*What you should do*
An exact copy of the listing is needed, with every line kept.

*Material provided*

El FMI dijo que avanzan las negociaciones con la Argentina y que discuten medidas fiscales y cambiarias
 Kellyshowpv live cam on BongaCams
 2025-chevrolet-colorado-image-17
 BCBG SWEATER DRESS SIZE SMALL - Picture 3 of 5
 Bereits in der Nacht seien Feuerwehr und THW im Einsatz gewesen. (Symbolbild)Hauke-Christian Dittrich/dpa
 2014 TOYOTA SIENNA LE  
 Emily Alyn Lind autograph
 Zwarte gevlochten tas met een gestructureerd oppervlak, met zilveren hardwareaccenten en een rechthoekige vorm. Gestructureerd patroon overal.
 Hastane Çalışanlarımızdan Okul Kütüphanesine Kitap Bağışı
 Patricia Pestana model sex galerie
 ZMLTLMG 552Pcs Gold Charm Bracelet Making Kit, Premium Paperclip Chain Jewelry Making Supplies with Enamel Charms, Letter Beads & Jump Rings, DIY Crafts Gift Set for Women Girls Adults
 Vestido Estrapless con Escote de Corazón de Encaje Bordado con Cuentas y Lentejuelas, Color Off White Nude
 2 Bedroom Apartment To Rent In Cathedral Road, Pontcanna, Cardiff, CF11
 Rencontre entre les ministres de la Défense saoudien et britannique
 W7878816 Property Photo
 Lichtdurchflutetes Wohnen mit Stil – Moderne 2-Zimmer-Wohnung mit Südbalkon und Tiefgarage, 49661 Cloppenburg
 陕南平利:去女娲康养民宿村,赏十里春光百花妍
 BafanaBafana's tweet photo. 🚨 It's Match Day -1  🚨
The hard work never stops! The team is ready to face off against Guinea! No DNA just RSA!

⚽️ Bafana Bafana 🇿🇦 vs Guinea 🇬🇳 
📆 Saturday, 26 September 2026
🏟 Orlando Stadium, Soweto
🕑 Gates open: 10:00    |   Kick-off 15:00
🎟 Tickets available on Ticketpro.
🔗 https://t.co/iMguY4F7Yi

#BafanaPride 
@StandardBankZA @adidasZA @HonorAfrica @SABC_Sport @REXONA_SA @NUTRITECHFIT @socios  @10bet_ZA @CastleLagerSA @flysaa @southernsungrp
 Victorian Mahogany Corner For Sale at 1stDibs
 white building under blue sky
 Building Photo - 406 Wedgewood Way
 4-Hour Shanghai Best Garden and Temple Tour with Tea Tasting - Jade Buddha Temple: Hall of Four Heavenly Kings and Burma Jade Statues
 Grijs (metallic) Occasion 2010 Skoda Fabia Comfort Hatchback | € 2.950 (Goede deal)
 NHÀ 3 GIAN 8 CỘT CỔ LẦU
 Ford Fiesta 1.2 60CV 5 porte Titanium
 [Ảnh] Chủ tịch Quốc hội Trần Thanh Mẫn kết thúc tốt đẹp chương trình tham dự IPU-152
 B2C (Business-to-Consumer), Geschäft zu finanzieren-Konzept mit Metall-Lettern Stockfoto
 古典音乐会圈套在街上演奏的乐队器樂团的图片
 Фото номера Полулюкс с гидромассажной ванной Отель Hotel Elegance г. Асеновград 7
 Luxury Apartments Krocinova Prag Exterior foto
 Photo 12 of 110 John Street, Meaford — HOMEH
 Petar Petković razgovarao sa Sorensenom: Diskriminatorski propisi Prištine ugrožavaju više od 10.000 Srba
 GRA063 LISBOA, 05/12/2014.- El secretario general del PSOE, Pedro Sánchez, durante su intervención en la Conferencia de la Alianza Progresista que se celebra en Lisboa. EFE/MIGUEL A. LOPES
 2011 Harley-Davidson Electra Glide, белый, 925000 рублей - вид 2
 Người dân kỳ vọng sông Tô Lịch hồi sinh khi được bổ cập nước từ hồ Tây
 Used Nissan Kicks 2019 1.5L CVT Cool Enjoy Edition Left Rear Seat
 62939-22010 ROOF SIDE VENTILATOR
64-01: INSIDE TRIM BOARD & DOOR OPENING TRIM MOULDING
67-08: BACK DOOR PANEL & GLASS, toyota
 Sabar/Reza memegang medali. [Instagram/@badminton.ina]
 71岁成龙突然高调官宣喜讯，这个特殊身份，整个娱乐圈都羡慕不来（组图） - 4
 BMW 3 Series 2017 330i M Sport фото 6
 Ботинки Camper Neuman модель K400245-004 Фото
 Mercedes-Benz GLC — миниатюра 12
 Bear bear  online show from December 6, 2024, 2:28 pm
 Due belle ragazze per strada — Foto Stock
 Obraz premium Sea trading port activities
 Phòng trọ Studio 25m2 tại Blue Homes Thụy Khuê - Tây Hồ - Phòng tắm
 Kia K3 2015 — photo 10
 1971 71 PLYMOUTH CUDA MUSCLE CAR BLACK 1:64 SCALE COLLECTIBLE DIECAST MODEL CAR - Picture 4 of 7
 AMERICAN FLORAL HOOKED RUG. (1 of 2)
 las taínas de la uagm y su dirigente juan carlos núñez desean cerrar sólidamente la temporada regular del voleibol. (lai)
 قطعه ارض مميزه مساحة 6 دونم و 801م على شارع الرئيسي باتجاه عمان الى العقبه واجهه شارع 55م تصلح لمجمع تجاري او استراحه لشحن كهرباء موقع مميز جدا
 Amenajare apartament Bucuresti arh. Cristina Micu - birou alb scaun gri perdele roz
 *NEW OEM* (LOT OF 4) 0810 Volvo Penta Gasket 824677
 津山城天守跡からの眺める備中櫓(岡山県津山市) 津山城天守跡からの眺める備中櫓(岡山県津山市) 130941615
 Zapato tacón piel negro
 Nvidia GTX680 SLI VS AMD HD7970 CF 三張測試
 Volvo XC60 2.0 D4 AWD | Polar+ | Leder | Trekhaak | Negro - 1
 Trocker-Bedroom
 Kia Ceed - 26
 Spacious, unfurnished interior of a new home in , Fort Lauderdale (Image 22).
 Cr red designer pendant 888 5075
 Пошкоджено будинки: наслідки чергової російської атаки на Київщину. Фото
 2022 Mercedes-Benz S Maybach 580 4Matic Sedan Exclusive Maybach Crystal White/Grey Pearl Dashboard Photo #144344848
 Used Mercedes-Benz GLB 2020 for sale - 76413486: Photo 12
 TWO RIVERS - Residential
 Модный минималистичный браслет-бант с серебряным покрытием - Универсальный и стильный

*Solution*
El FMI dijo que avanzan las negociaciones con la Argentina y que discuten medidas fiscales y cambiarias
 Kellyshowpv live cam on BongaCams
 2025-chevrolet-colorado-image-17
 BCBG SWEATER DRESS SIZE SMALL - Picture 3 of 5
 Bereits in der Nacht seien Feuerwehr und THW im Einsatz gewesen. (Symbolbild)Hauke-Christian Dittrich/dpa
 2014 TOYOTA SIENNA LE  
 Emily Alyn Lind autograph
 Zwarte gevlochten tas met een gestructureerd oppervlak, met zilveren hardwareaccenten en een rechthoekige vorm. Gestructureerd patroon overal.
 Hastane Çalışanlarımızdan Okul Kütüphanesine Kitap Bağışı
 Patricia Pestana model sex galerie
 ZMLTLMG 552Pcs Gold Charm Bracelet Making Kit, Premium Paperclip Chain Jewelry Making Supplies with Enamel Charms, Letter Beads & Jump Rings, DIY Crafts Gift Set for Women Girls Adults
 Vestido Estrapless con Escote de Corazón de Encaje Bordado con Cuentas y Lentejuelas, Color Off White Nude
 2 Bedroom Apartment To Rent In Cathedral Road, Pontcanna, Cardiff, CF11
 Rencontre entre les ministres de la Défense saoudien et britannique
 W7878816 Property Photo
 Lichtdurchflutetes Wohnen mit Stil – Moderne 2-Zimmer-Wohnung mit Südbalkon und Tiefgarage, 49661 Cloppenburg
 陕南平利:去女娲康养民宿村,赏十里春光百花妍
 BafanaBafana's tweet photo. 🚨 It's Match Day -1  🚨
The hard work never stops! The team is ready to face off against Guinea! No DNA just RSA!

⚽️ Bafana Bafana 🇿🇦 vs Guinea 🇬🇳 
📆 Saturday, 26 September 2026
🏟 Orlando Stadium, Soweto
🕑 Gates open: 10:00    |   Kick-off 15:00
🎟 Tickets available on Ticketpro.
🔗 https://t.co/iMguY4F7Yi

#BafanaPride 
@StandardBankZA @adidasZA @HonorAfrica @SABC_Sport @REXONA_SA @NUTRITECHFIT @socios  @10bet_ZA @CastleLagerSA @flysaa @southernsungrp
 Victorian Mahogany Corner For Sale at 1stDibs
 white building under blue sky
 Building Photo - 406 Wedgewood Way
 4-Hour Shanghai Best Garden and Temple Tour with Tea Tasting - Jade Buddha Temple: Hall of Four Heavenly Kings and Burma Jade Statues
 Grijs (metallic) Occasion 2010 Skoda Fabia Comfort Hatchback | € 2.950 (Goede deal)
 NHÀ 3 GIAN 8 CỘT CỔ LẦU
 Ford Fiesta 1.2 60CV 5 porte Titanium
 [Ảnh] Chủ tịch Quốc hội Trần Thanh Mẫn kết thúc tốt đẹp chương trình tham dự IPU-152
 B2C (Business-to-Consumer), Geschäft zu finanzieren-Konzept mit Metall-Lettern Stockfoto
 古典音乐会圈套在街上演奏的乐队器樂团的图片
 Фото номера Полулюкс с гидромассажной ванной Отель Hotel Elegance г. Асеновград 7
 Luxury Apartments Krocinova Prag Exterior foto
 Photo 12 of 110 John Street, Meaford — HOMEH
 Petar Petković razgovarao sa Sorensenom: Diskriminatorski propisi Prištine ugrožavaju više od 10.000 Srba
 GRA063 LISBOA, 05/12/2014.- El secretario general del PSOE, Pedro Sánchez, durante su intervención en la Conferencia de la Alianza Progresista que se celebra en Lisboa. EFE/MIGUEL A. LOPES
 2011 Harley-Davidson Electra Glide, белый, 925000 рублей - вид 2
 Người dân kỳ vọng sông Tô Lịch hồi sinh khi được bổ cập nước từ hồ Tây
 Used Nissan Kicks 2019 1.5L CVT Cool Enjoy Edition Left Rear Seat
 62939-22010 ROOF SIDE VENTILATOR
64-01: INSIDE TRIM BOARD & DOOR OPENING TRIM MOULDING
67-08: BACK DOOR PANEL & GLASS, toyota
 Sabar/Reza memegang medali. [Instagram/@badminton.ina]
 71岁成龙突然高调官宣喜讯，这个特殊身份，整个娱乐圈都羡慕不来（组图） - 4
 BMW 3 Series 2017 330i M Sport фото 6
 Ботинки Camper Neuman модель K400245-004 Фото
 Mercedes-Benz GLC — миниатюра 12
 Bear bear  online show from December 6, 2024, 2:28 pm
 Due belle ragazze per strada — Foto Stock
 Obraz premium Sea trading port activities
 Phòng trọ Studio 25m2 tại Blue Homes Thụy Khuê - Tây Hồ - Phòng tắm
 Kia K3 2015 — photo 10
 1971 71 PLYMOUTH CUDA MUSCLE CAR BLACK 1:64 SCALE COLLECTIBLE DIECAST MODEL CAR - Picture 4 of 7
 AMERICAN FLORAL HOOKED RUG. (1 of 2)
 las taínas de la uagm y su dirigente juan carlos núñez desean cerrar sólidamente la temporada regular del voleibol. (lai)
 قطعه ارض مميزه مساحة 6 دونم و 801م على شارع الرئيسي باتجاه عمان الى العقبه واجهه شارع 55م تصلح لمجمع تجاري او استراحه لشحن كهرباء موقع مميز جدا
 Amenajare apartament Bucuresti arh. Cristina Micu - birou alb scaun gri perdele roz
 *NEW OEM* (LOT OF 4) 0810 Volvo Penta Gasket 824677
 津山城天守跡からの眺める備中櫓(岡山県津山市) 津山城天守跡からの眺める備中櫓(岡山県津山市) 130941615
 Zapato tacón piel negro
 Nvidia GTX680 SLI VS AMD HD7970 CF 三張測試
 Volvo XC60 2.0 D4 AWD | Polar+ | Leder | Trekhaak | Negro - 1
 Trocker-Bedroom
 Kia Ceed - 26
 Spacious, unfurnished interior of a new home in , Fort Lauderdale (Image 22).
 Cr red designer pendant 888 5075
 Пошкоджено будинки: наслідки чергової російської атаки на Київщину. Фото
 2022 Mercedes-Benz S Maybach 580 4Matic Sedan Exclusive Maybach Crystal White/Grey Pearl Dashboard Photo #144344848
 Used Mercedes-Benz GLB 2020 for sale - 76413486: Photo 12
 TWO RIVERS - Residential
 Модный минималистичный браслет-бант с серебряным покрытием - Универсальный и стильный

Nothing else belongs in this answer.